It All Started with a Tree
The well-publicized Jena story started on September 1, 2006, when a black high school student in Jena, Louisiana asked an administrator if he could sit underneath a tree in the courtyard where traditionally only white students sat. The administrator told him that he could sit wherever he wanted. The next day there were nooses hanging in the tree. No action was taken as the nooses were written off as a prank and not a threat aimed at the students who had dared to sit under the tree the day before. When black students protested, the local district attorney threatened that he could take their life away with a “stroke of my pen.”
After a series of alarming altercations where authorities time after failed to do the right thing, a black youth named Mychall Bell punched Justin Barker, a white youth who had taunted him with racial slur. Several of his friends joined the fray. They would become the Jena 6. Barker,who hit his head on the pavement went to the hospital, but was released that day and even went to a school function that night. The six black students were for some reason charged with attempted murder. It took a national outcry to reduce the charges to conspiracy and battery.

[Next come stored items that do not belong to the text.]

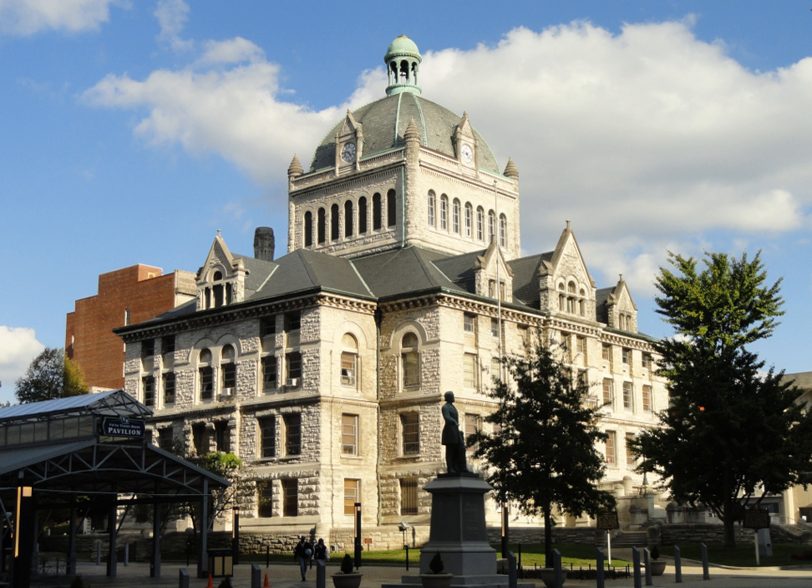The Mount Horeb Earthworks Complex is an Adena culture group of earthworks in Fayette County, Kentucky. It consists of two major components, the Mount Horeb Site One and the Peter Village Enclosure, and several smaller features including the Grimes Village site, Tarleton Mound, and Fisher Mound.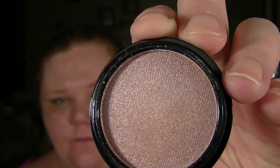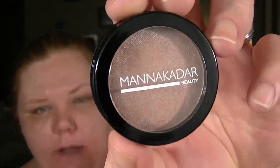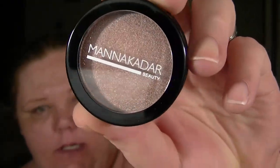The next thing I got is the Manna Kadar Beauty eyeshadow in Fantasy. There's a swatch of it — it seems to me like a champagne, rose gold color. It kind of gives off a pink hue. I really like champagne and rose gold colors; I think they're really pretty on the lid.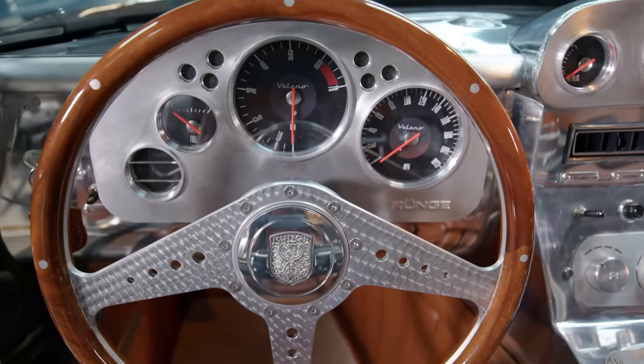Jay loves the taillights — very Ferrari GTO-ish. They're from a GT40; the 904 and GT40 had similar taillights, and these fall right in that same line. That's also what Gordon Murray referenced with the McLaren F1. Everybody loved the GT40 taillight.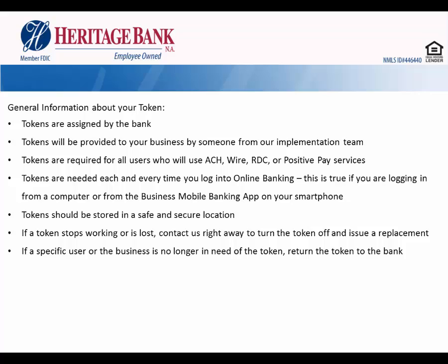Tokens are needed each and every time you log into online banking. This is true whether you are using the online banking version from your computer or logging into our business mobile app. Tokens should be stored in a safe and secure location and not used by anybody other than who they're assigned to. If a token stops working or you lose your token, contact us right away — we'll turn the token off and issue a replacement. If a specific user or the business is no longer in need of the token, please return it to the bank.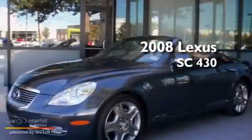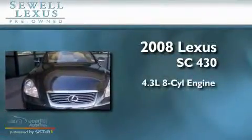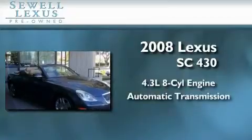Sewell, obsessed with service since 1911. This is a certified pre-owned 2008 Lexus SC430. It features a 4.3 liter 8-cylinder engine and an automatic transmission.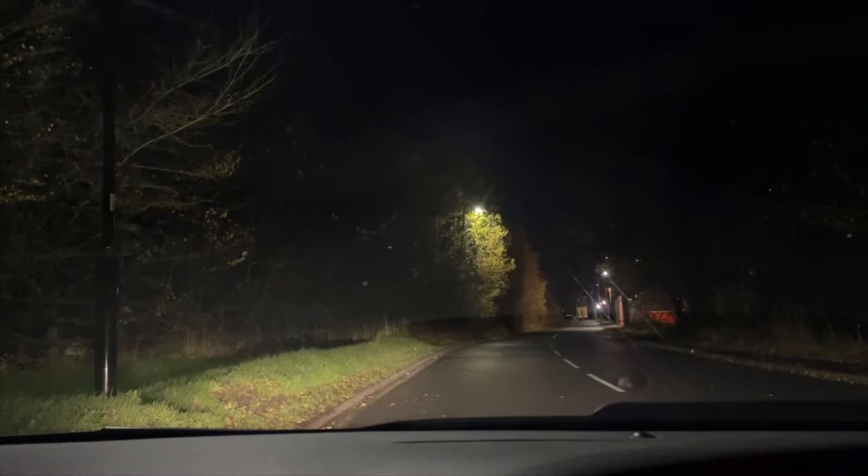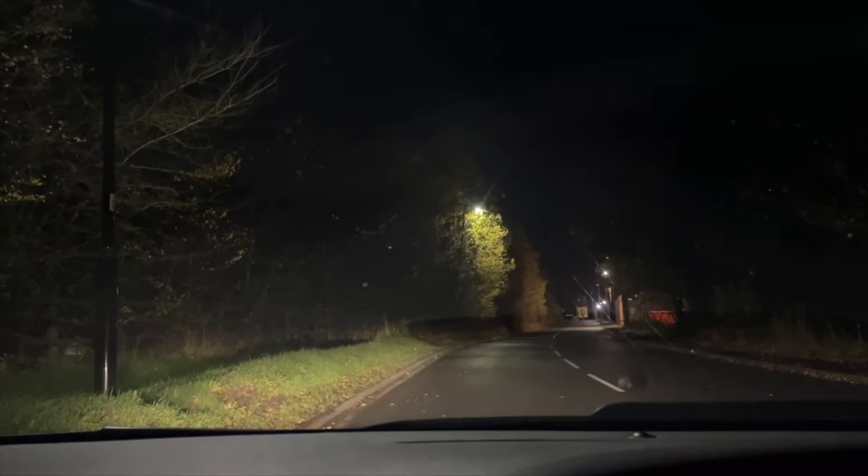So we're in the Honda Civic. The plan was to get some daytime driving shots but unfortunately the audio messed up, so we're here at night now. Going to do a bit of driving and talk about the car.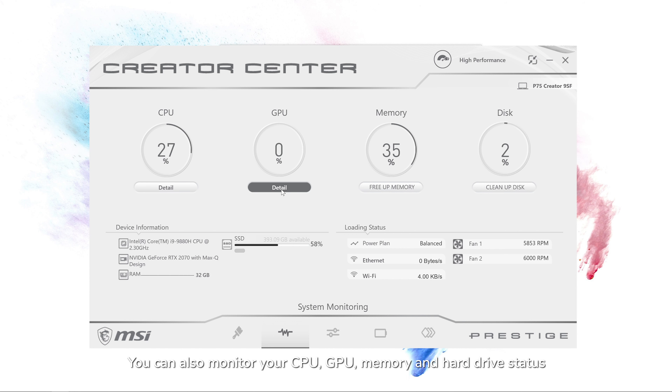You can also monitor your CPU, GPU, memory, and hard drive status under the system monitoring tab. This laptop can handle my demands when I create music and film scores.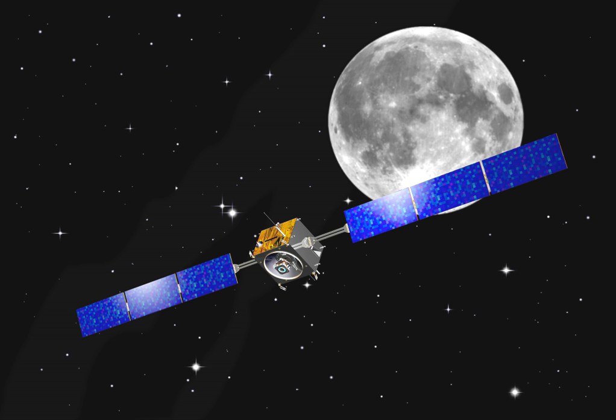SMART-1 was a Swedish-designed European Space Agency satellite that orbited around the Moon. It was launched on September 27, 2003 at 23:14 UTC from the Guiana Space Center in Kourou, French Guiana. SMART-1 stands for Small Missions for Advanced Research in Technology 1. On September 3, 2006 at 5:42 UTC, SMART-1 was deliberately crashed into the Moon's surface, ending its mission.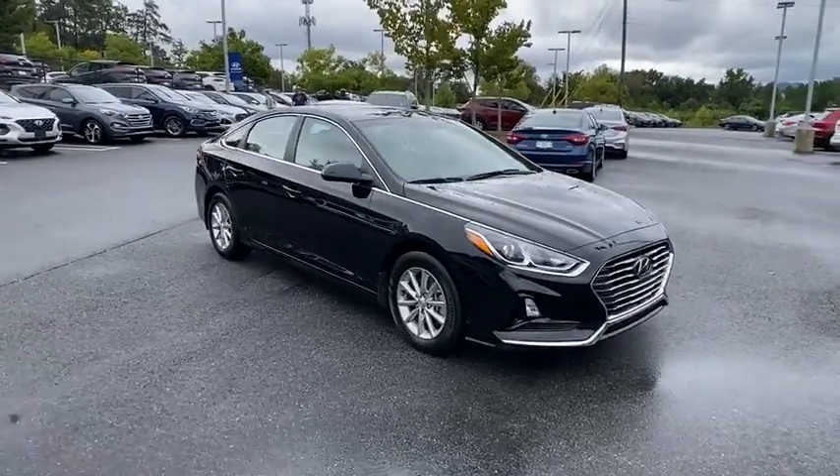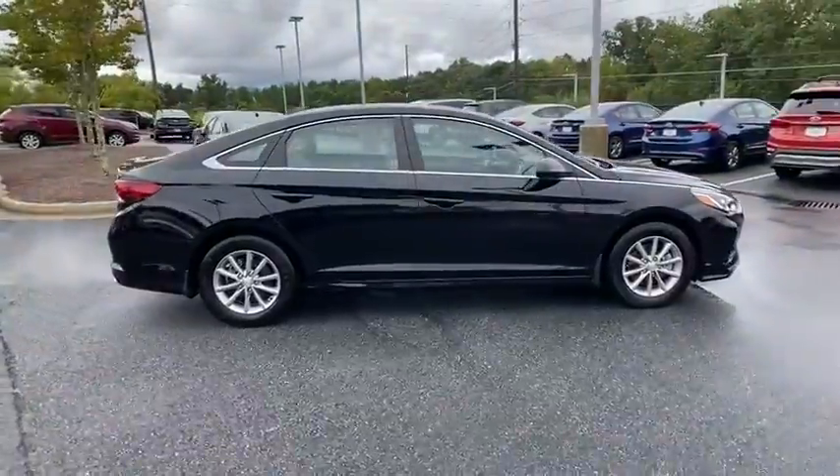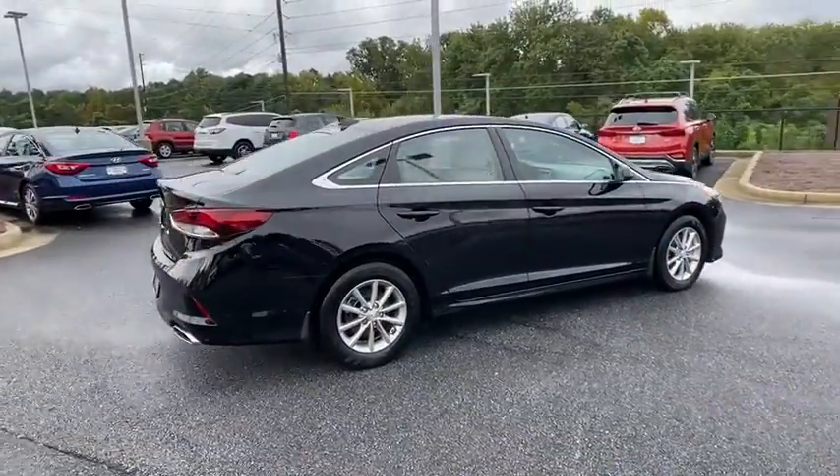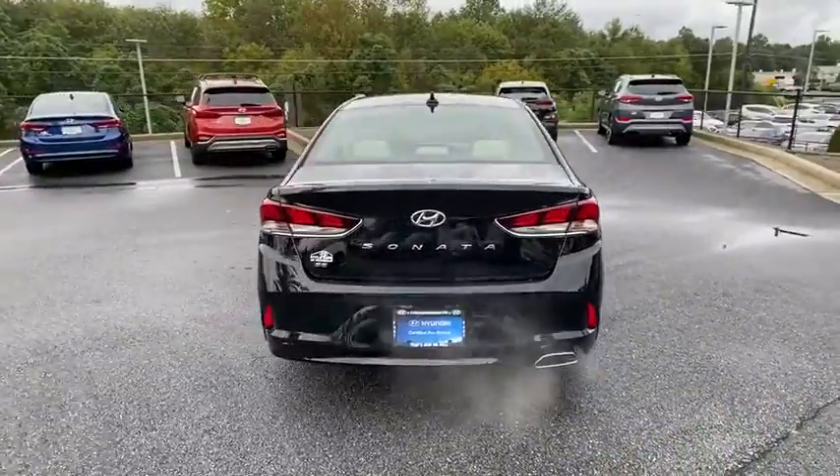We are pleased to show you the 2019 Hyundai Sonata. The Sonata has a long list of technologically advanced interior features and options that make driving safer, more convenient, and much more fun.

The impact of this case, especially from a Humanist perspective is summed up brilliantly by Bell’s Lawyer, Louis Scott:
Immediately after the facts were explained, I can remember thinking, Wow, this is a 1957 case that jumped into 2007. This is my second reaction, that the tree symbolized America. And the question was, Can all Americans share the shade of the system that we operate under? But the next thing that happened was the most frightening thing of all: They cut the tree down. I was hoping that didn’t symbolize the attitude of America, that before we allow some Americans to share the same rights, the same privileges and the same responsibilities, we’ll just get rid of the whole thing. It seemed to me that that was the message to be conveyed. If Americans allowed this to occur, that would be the first step toward unraveling the civil rights gains of the last fifty years.
Scott may not be a Humanist, but his question resonates: Can we all share the American system? Are we so frightened that we have to tear the things we love apart or break them down rather than let people who are different from us share even the tiniest piece?